• _To do_
All entries are to be transcribed verbatim, but images are not carried over.

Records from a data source
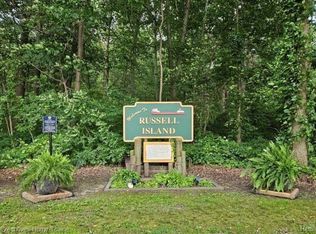 304 Kama Ct, Algonac, MI 48001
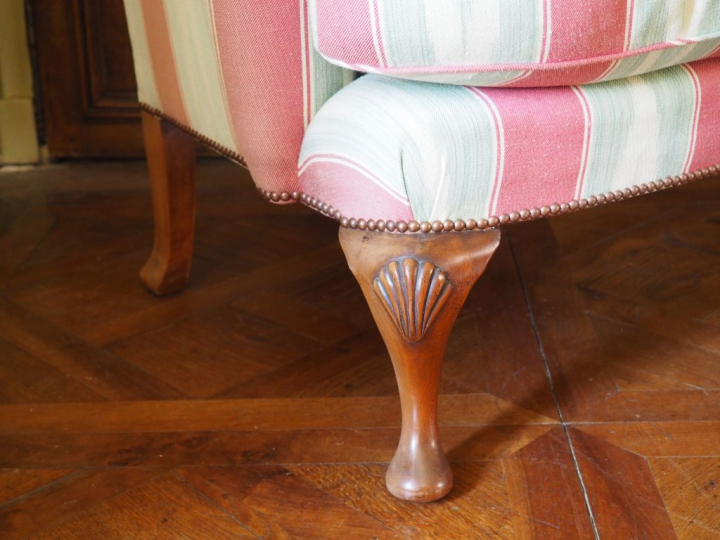 Grande bergère anglaise en acajou, garniture de tissu fantaisie. Dim. 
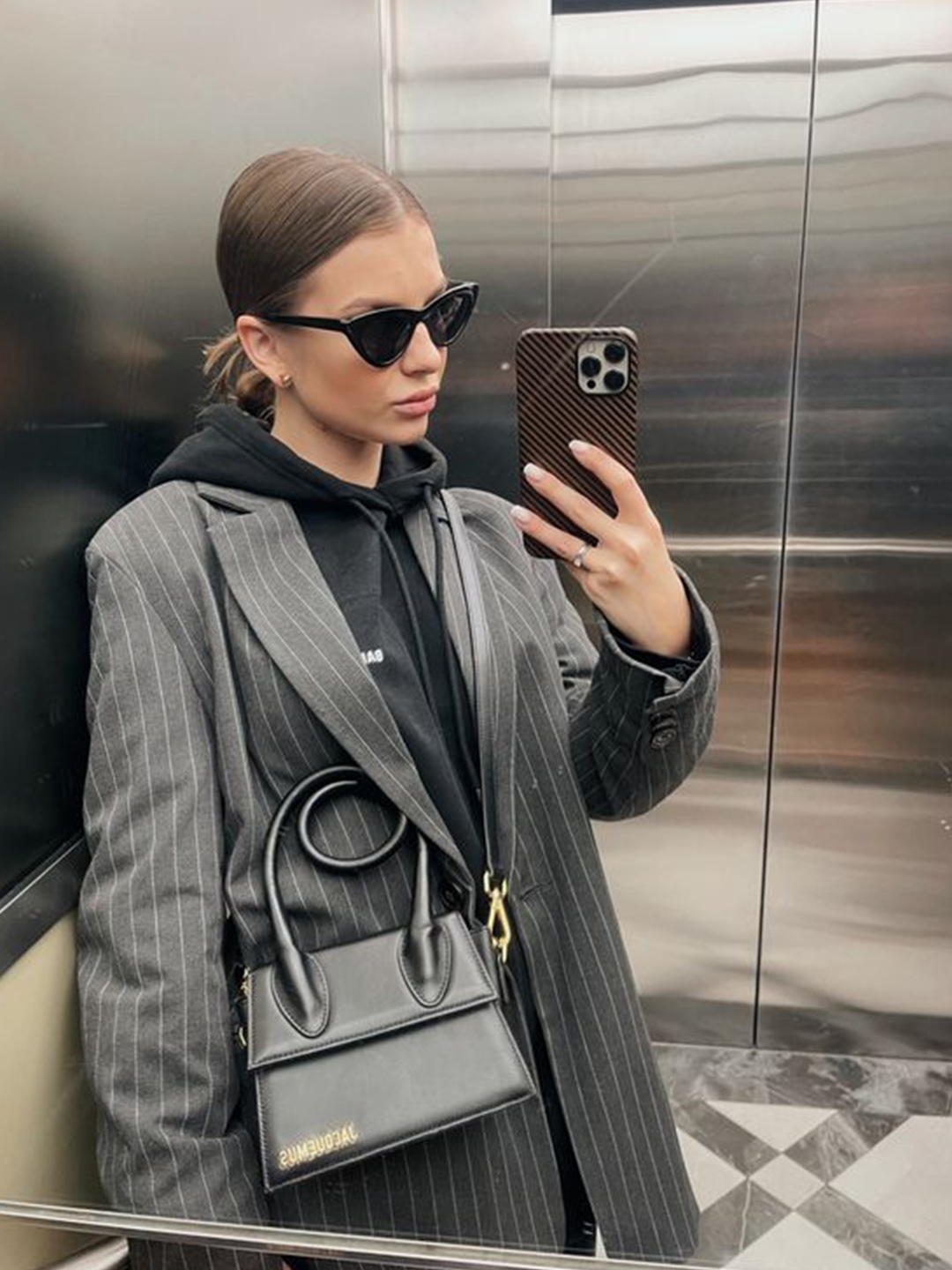 Jacquemus Le Chiquito Noeud Coiled Leather Handbag Black, Jacquemus Le Bambino Long Flap Bag Black 착용 스타일 - 2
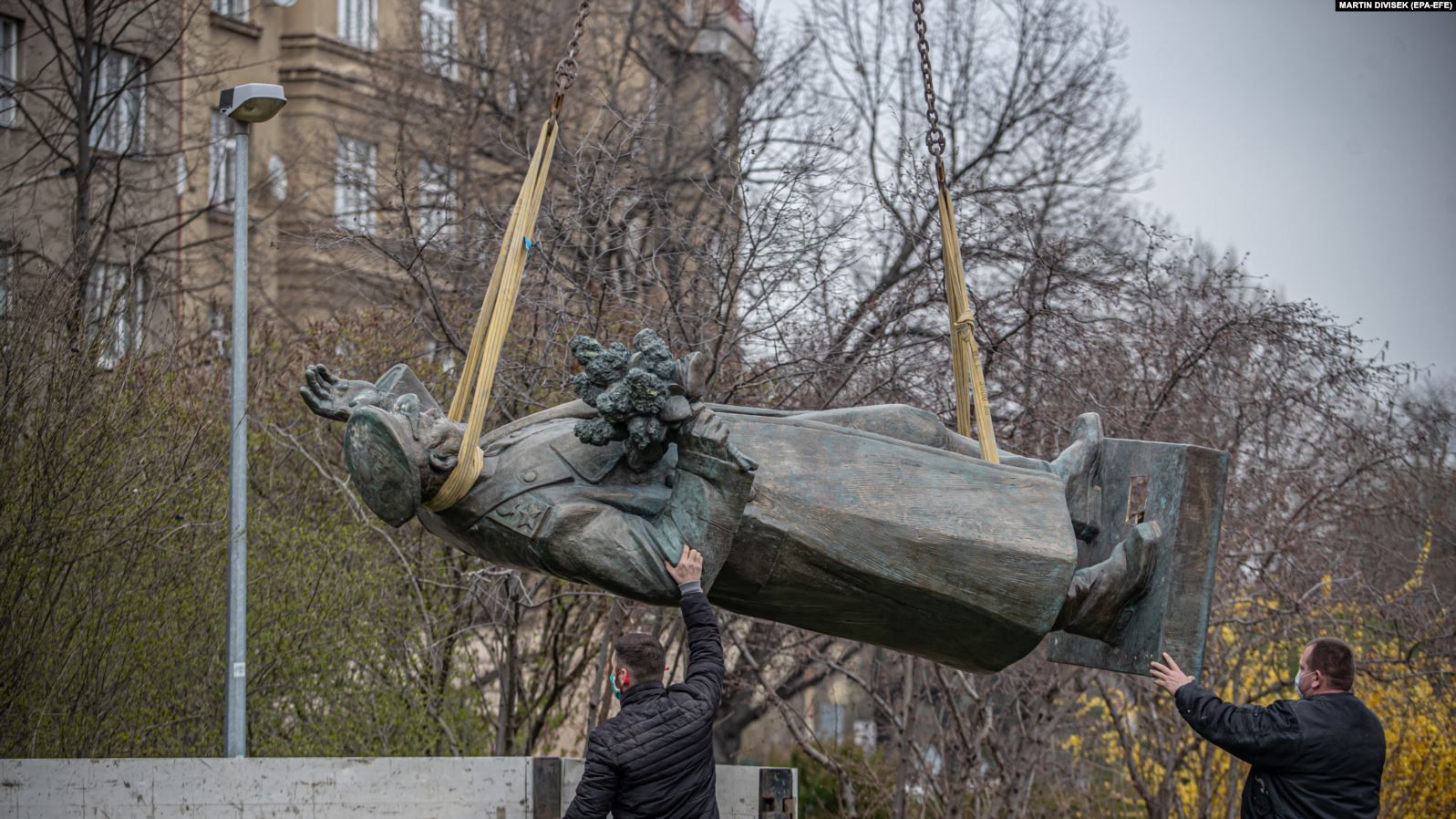 У Празі знесли пам’ятник маршалу Івану Конєву, фото
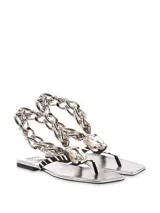 Sandalias plateadas con estampado animal print, tira de dedo y cadena decorativa con dije de cristal.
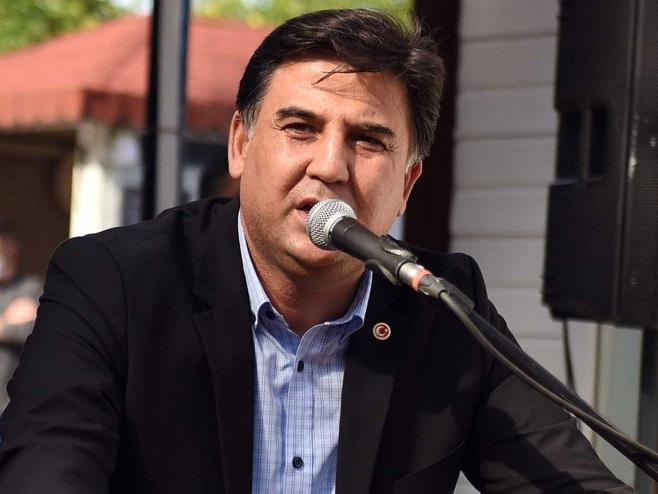 CHP'li belediye başkanı istifa haberlerini yalanladı: CHP benim yuvam, başka yere gitmem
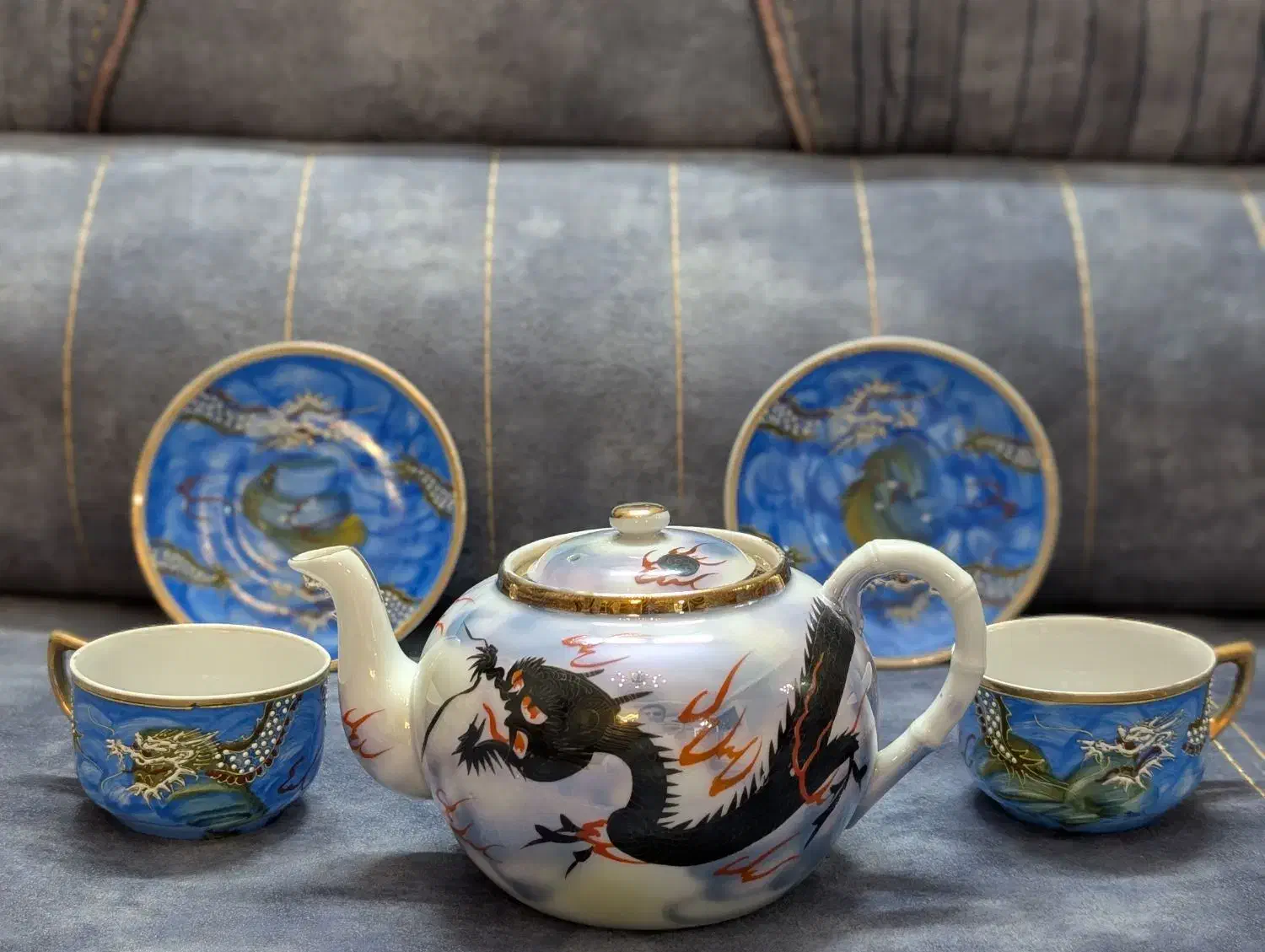 ست قوری و فنجان کلکسیونی قدمت دار|کلکسیون اشیاء عتیقه|تهران, دکتر هوشیار|دیوار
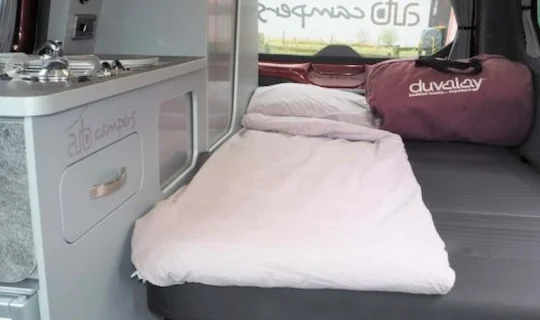 Highland-Auto-Campers-Duvalay-bedding-1600-900 Highland-Auto-Campers-Duvalay-bedding-1600-900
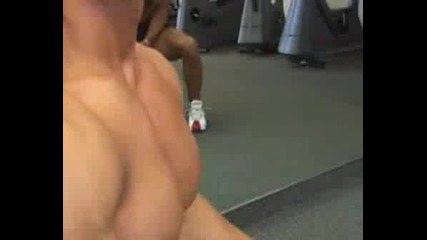Bodybuilder Tamer El Shahat Poses Biceps
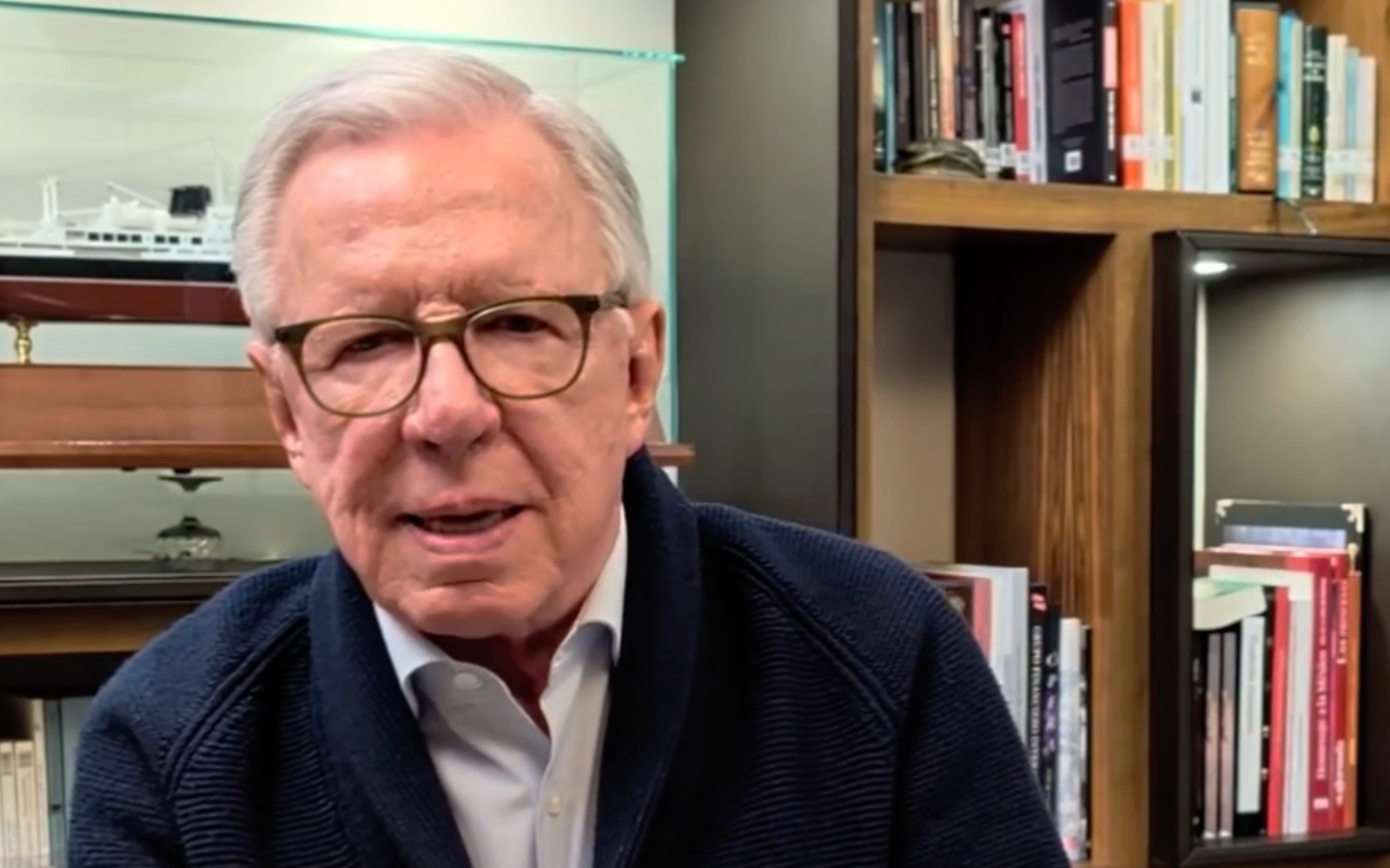 La boleada vil al vil presidente de la Corte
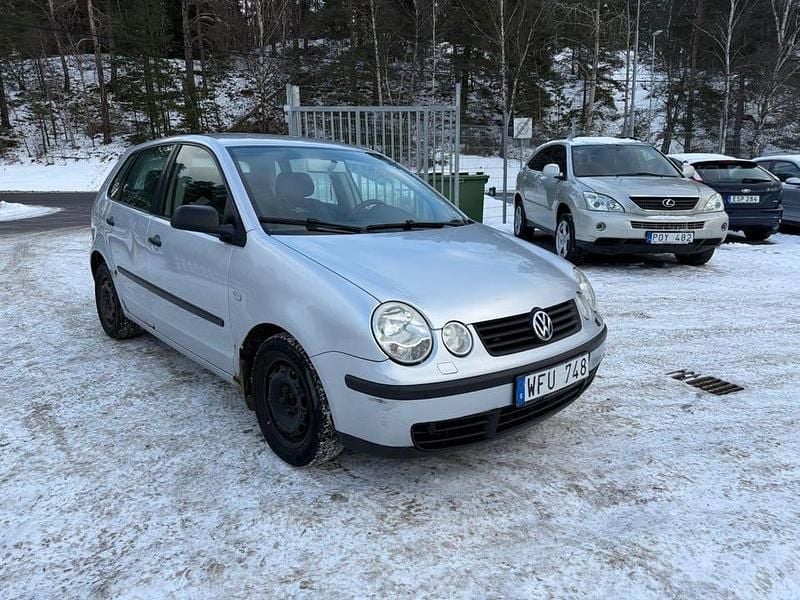 Silver Begagnad 2004 VW Polo Halvkombi | 17 000 kr (Bra pris) - Bild 1/4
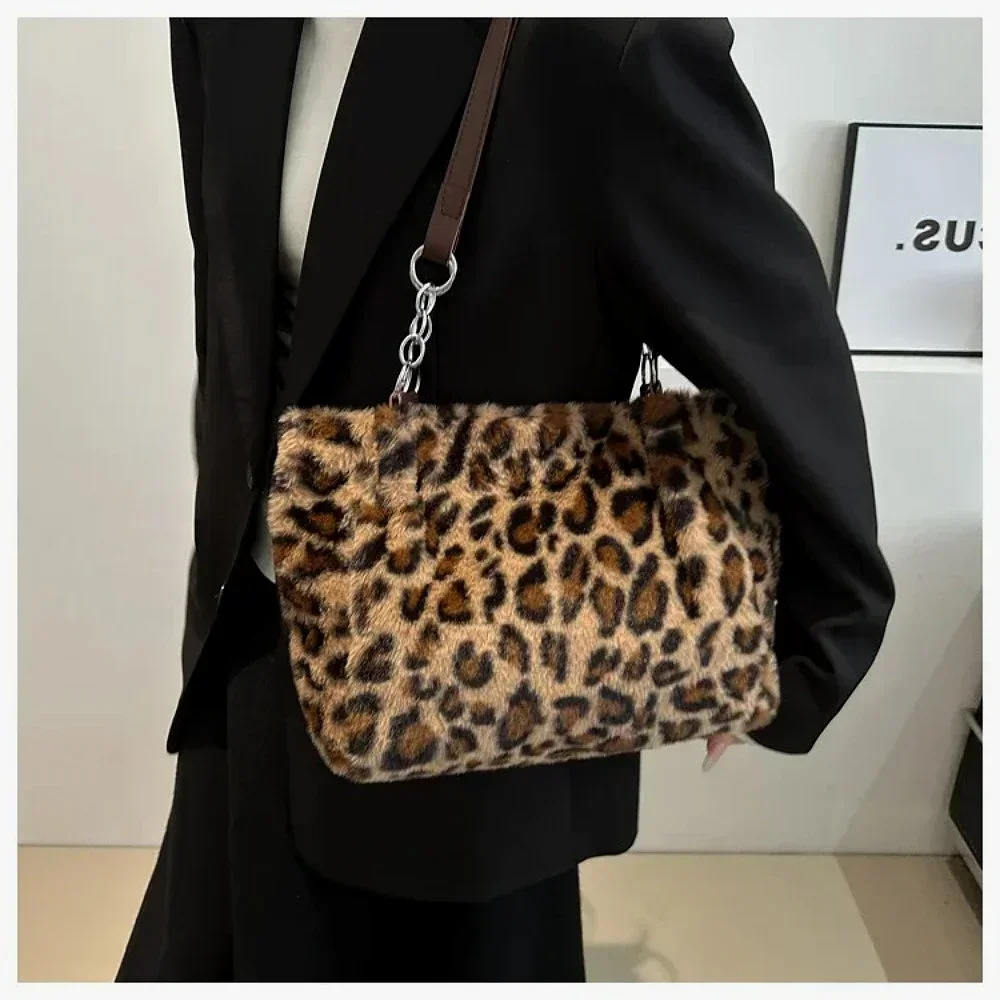 

Leopard Print Faux Fur Handbag for Women Winter Soft Warm Large Capacity Tote Purse Fashionable Portable Fluffy Bag for Girls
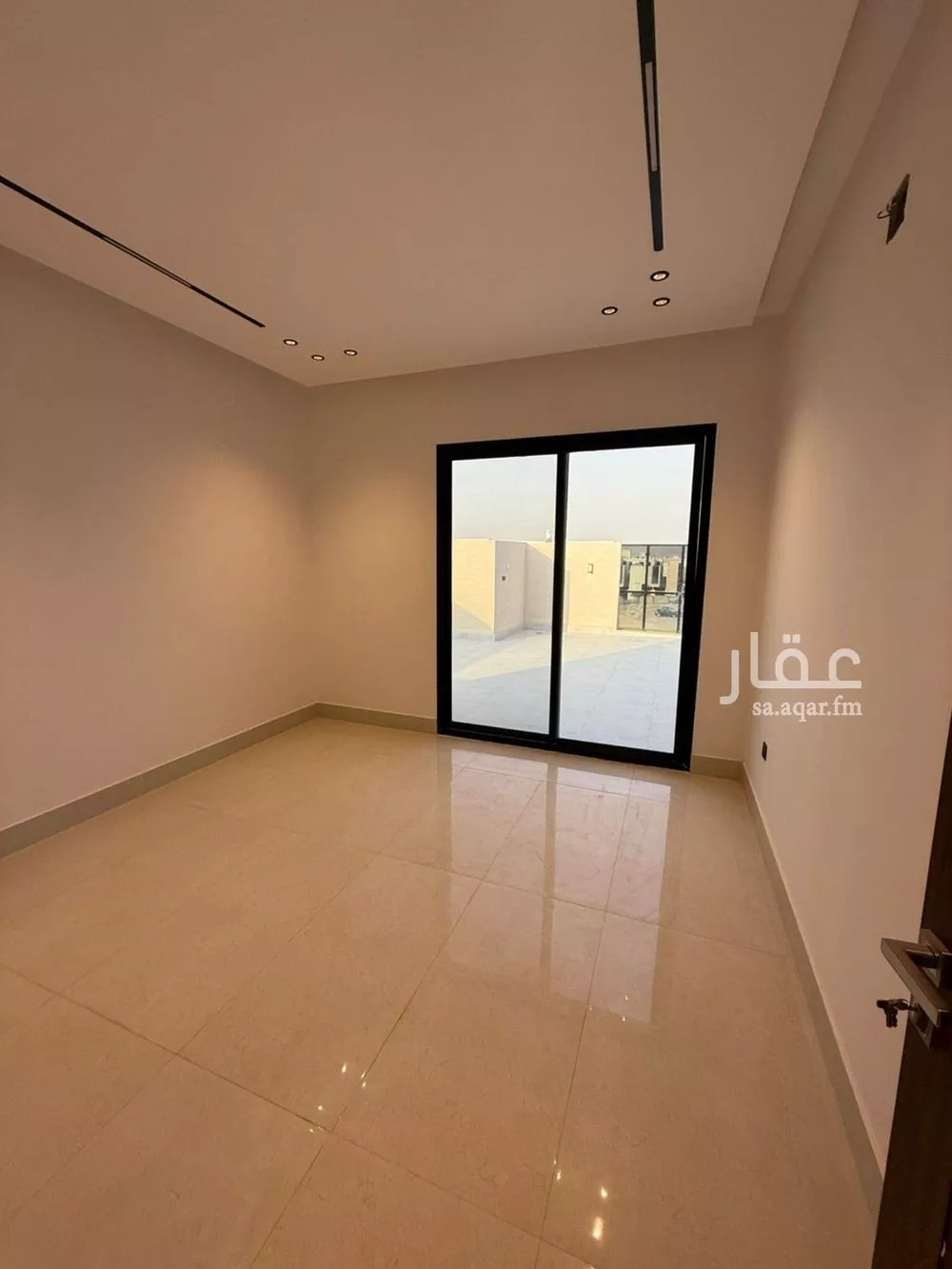 8 bedroom villa in Al Mahdiyyah 17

• _Reply_
 304 Kama Ct, Algonac, MI 48001
 Grande bergère anglaise en acajou, garniture de tissu fantaisie. Dim. 
 Jacquemus Le Chiquito Noeud Coiled Leather Handbag Black, Jacquemus Le Bambino Long Flap Bag Black 착용 스타일 - 2
 У Празі знесли пам’ятник маршалу Івану Конєву, фото
 Sandalias plateadas con estampado animal print, tira de dedo y cadena decorativa con dije de cristal.
 CHP'li belediye başkanı istifa haberlerini yalanladı: CHP benim yuvam, başka yere gitmem
 ست قوری و فنجان کلکسیونی قدمت دار|کلکسیون اشیاء عتیقه|تهران, دکتر هوشیار|دیوار
 Highland-Auto-Campers-Duvalay-bedding-1600-900 Highland-Auto-Campers-Duvalay-bedding-1600-900
Bodybuilder Tamer El Shahat Poses Biceps
 La boleada vil al vil presidente de la Corte
 Silver Begagnad 2004 VW Polo Halvkombi | 17 000 kr (Bra pris) - Bild 1/4

Leopard Print Faux Fur Handbag for Women Winter Soft Warm Large Capacity Tote Purse Fashionable Portable Fluffy Bag for Girls
 8 bedroom villa in Al Mahdiyyah 17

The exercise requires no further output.